## [Exercise data]

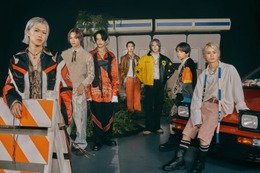 KID PHENOMENON「TGCしずおか」初出演決定 地元中高ダンス部とコラボステージ披露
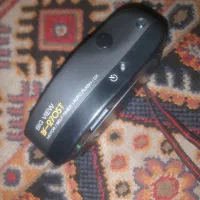 دوربین عکاسی ژاپنیskina|دوربین عکاسی و فیلمبرداری|قزوین, |دیوار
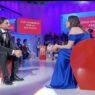 Gianmarco e Nadia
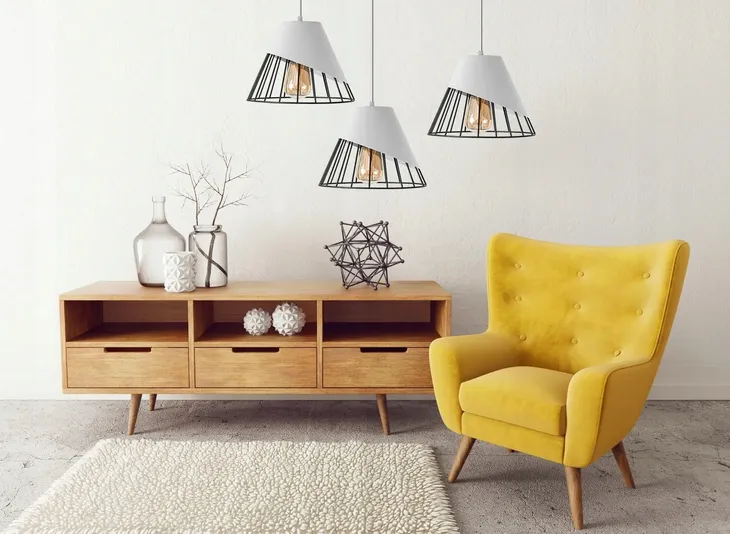 lampa-app228-1cp-white-black-zasilanie-sieciowe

## [Directions]
Please transcribe the whole listing above exactly, with the images left out.

## [Your solution]
 KID PHENOMENON「TGCしずおか」初出演決定 地元中高ダンス部とコラボステージ披露
 دوربین عکاسی ژاپنیskina|دوربین عکاسی و فیلمبرداری|قزوین, |دیوار
 Gianmarco e Nadia
 lampa-app228-1cp-white-black-zasilanie-sieciowe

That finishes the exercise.